#### Task instructions
Start the copy at the line holding "Building Photo - Charming" and continue it exactly through the last line of the entries, leaving out pictures and anything else.

#### Listed records
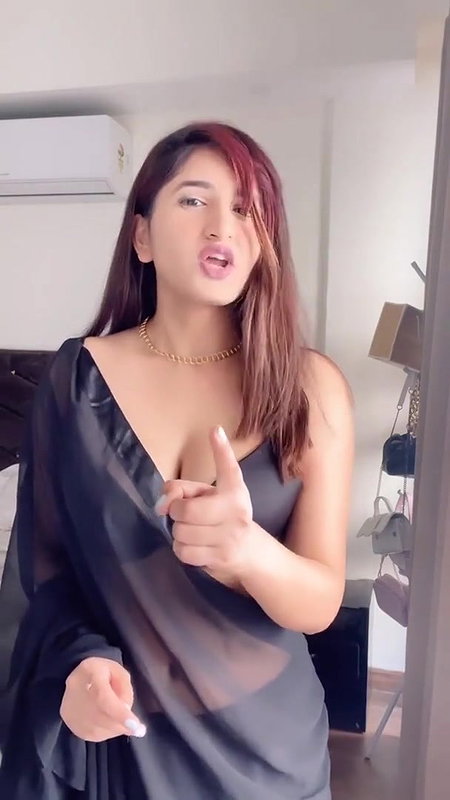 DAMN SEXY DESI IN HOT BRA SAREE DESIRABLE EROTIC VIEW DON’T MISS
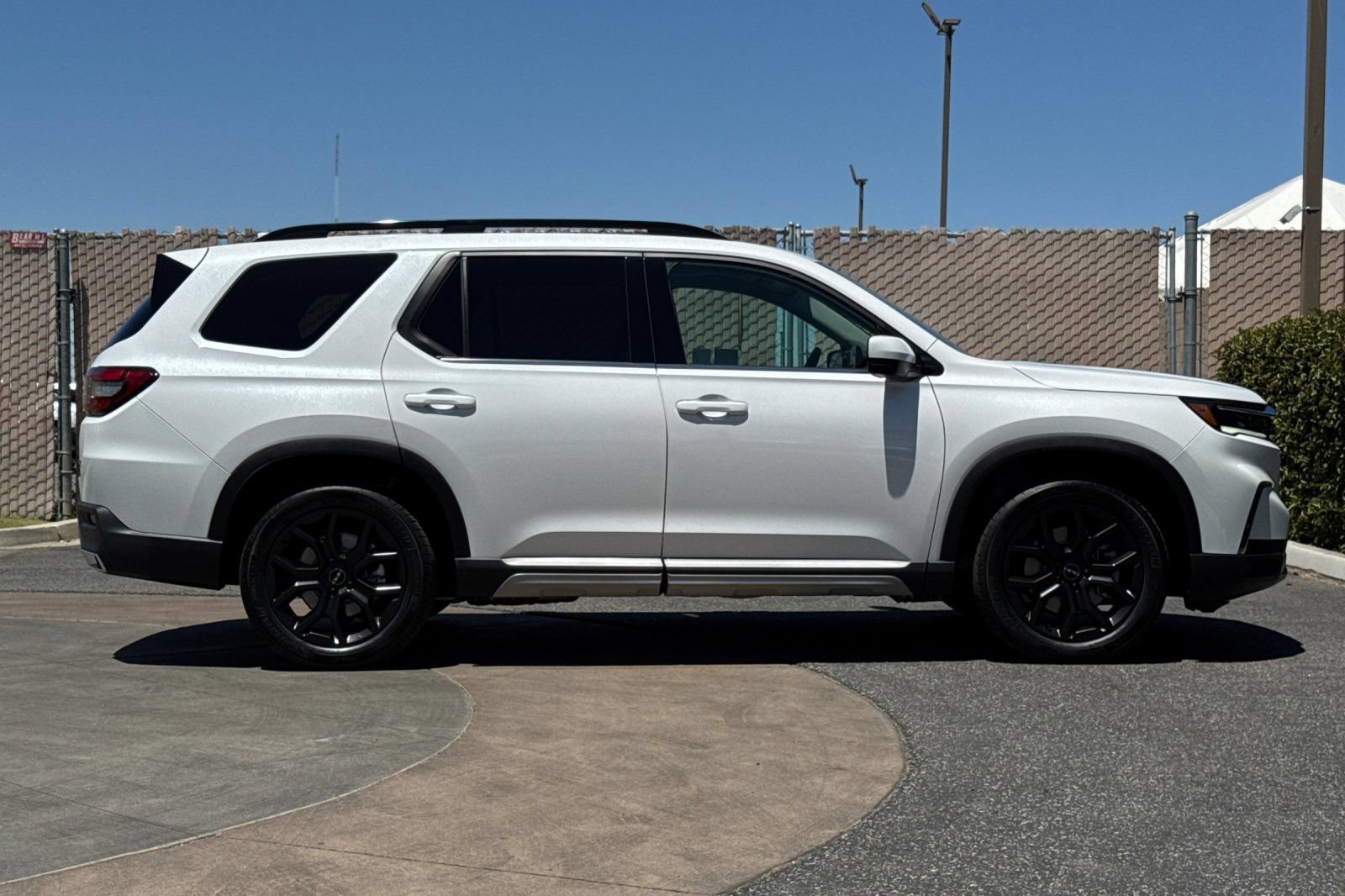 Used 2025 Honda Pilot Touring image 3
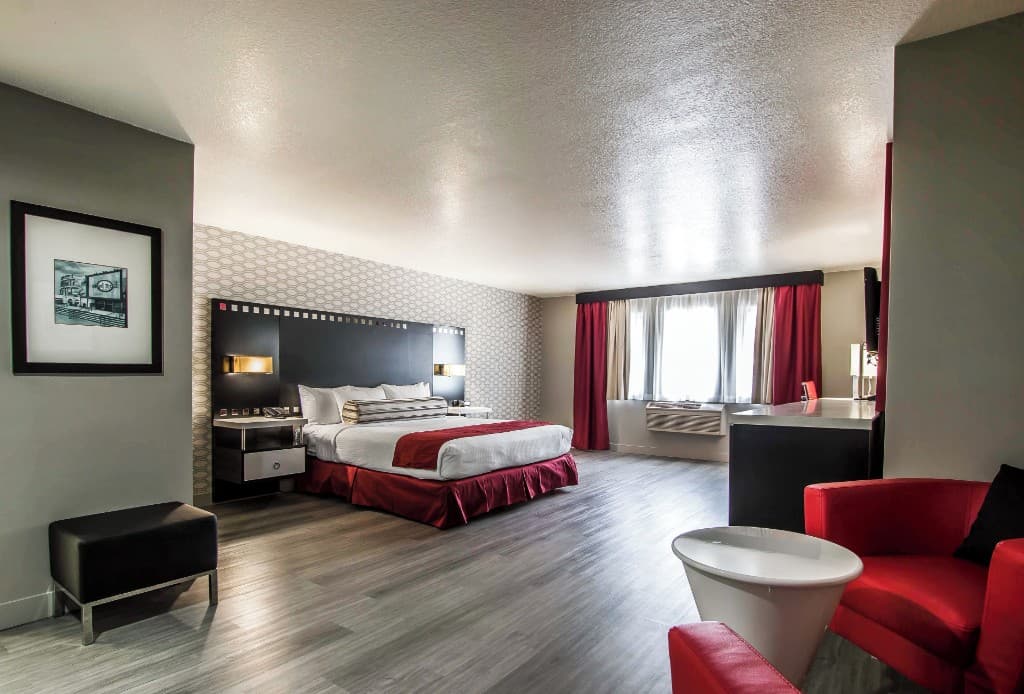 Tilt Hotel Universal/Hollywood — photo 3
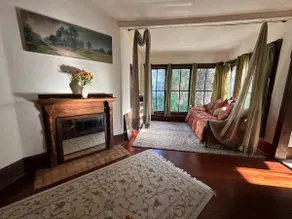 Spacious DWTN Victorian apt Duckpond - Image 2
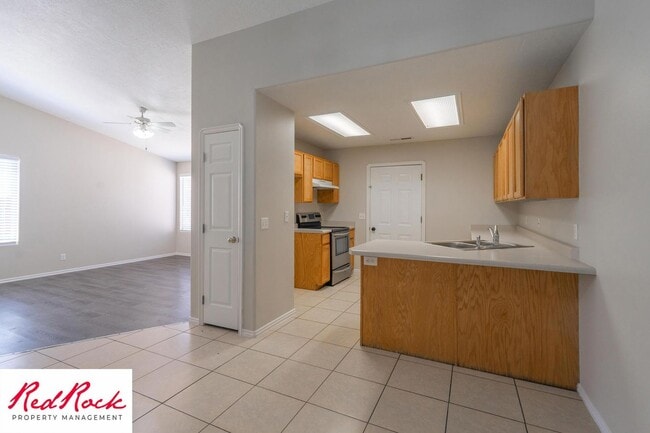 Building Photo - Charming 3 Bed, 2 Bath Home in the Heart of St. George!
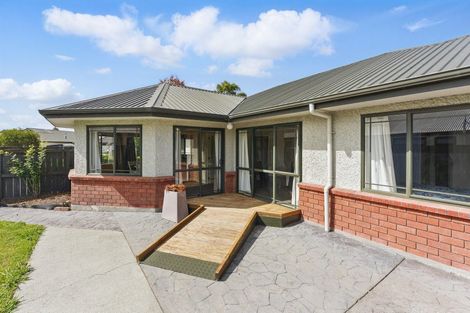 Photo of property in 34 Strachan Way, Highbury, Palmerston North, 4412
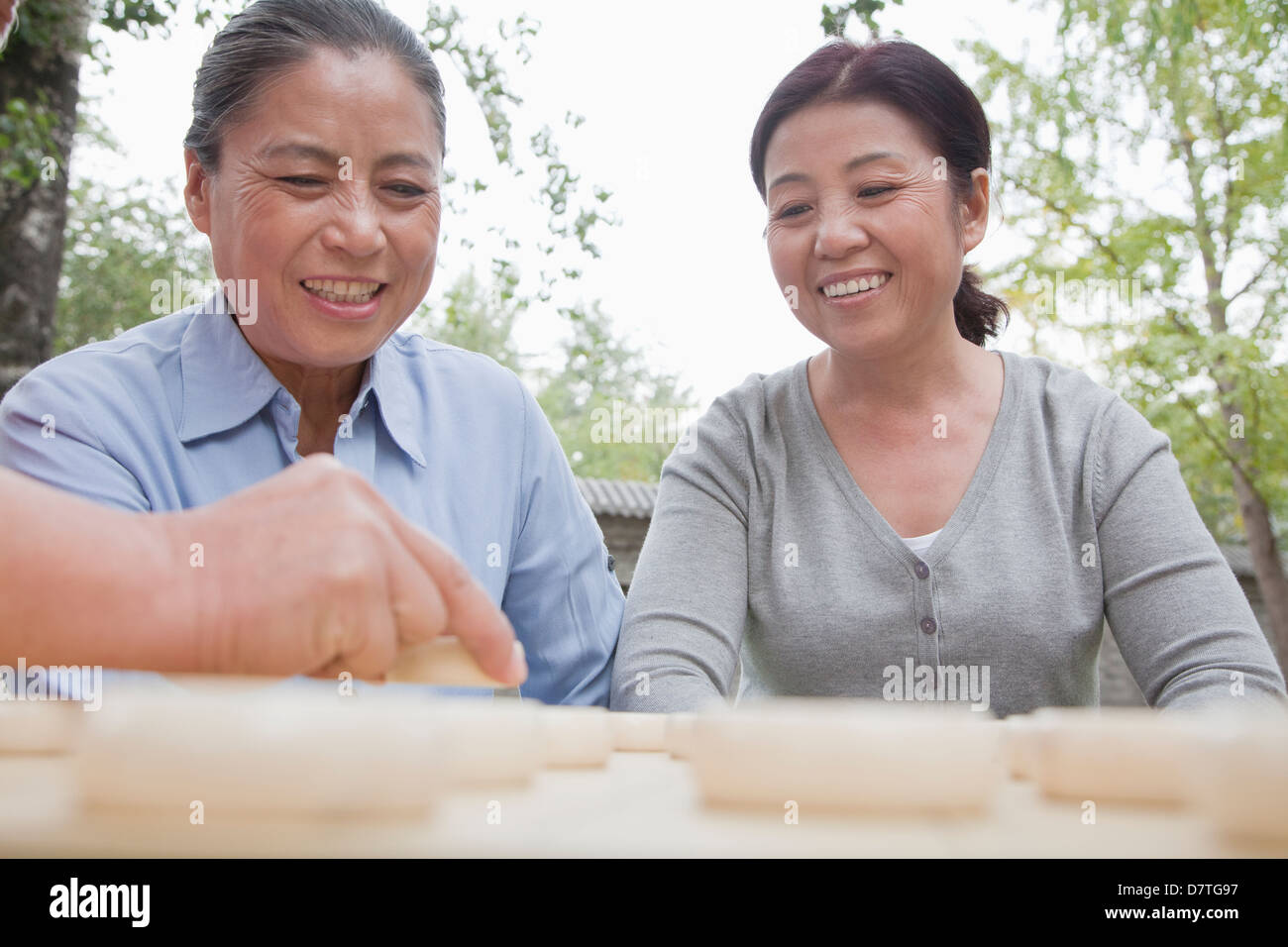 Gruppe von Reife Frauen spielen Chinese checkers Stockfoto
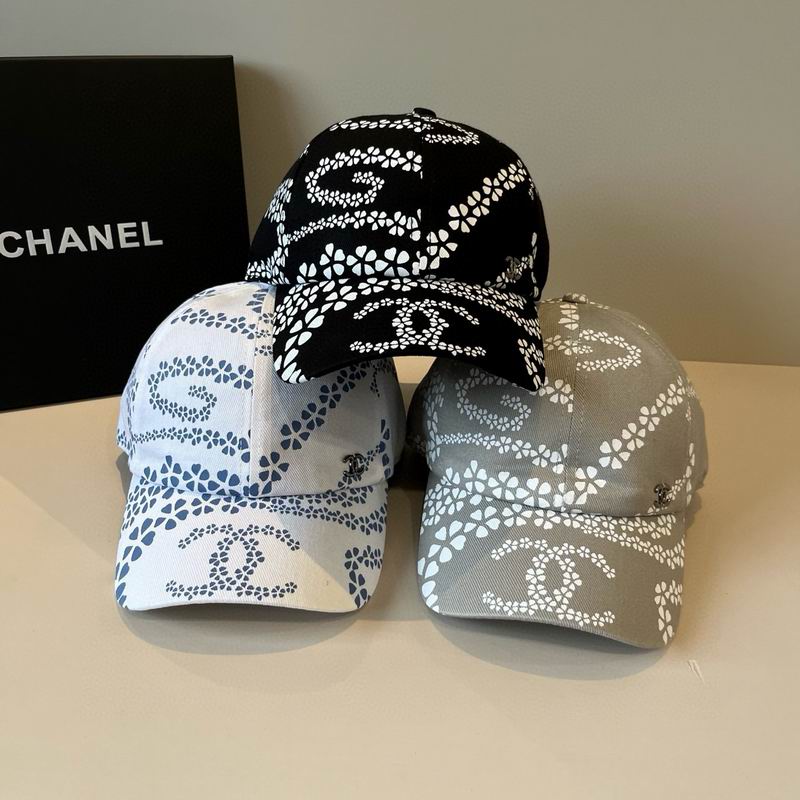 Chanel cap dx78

#### Exercise result
 Building Photo - Charming 3 Bed, 2 Bath Home in the Heart of St. George!
 Photo of property in 34 Strachan Way, Highbury, Palmerston North, 4412
 Gruppe von Reife Frauen spielen Chinese checkers Stockfoto
 Chanel cap dx78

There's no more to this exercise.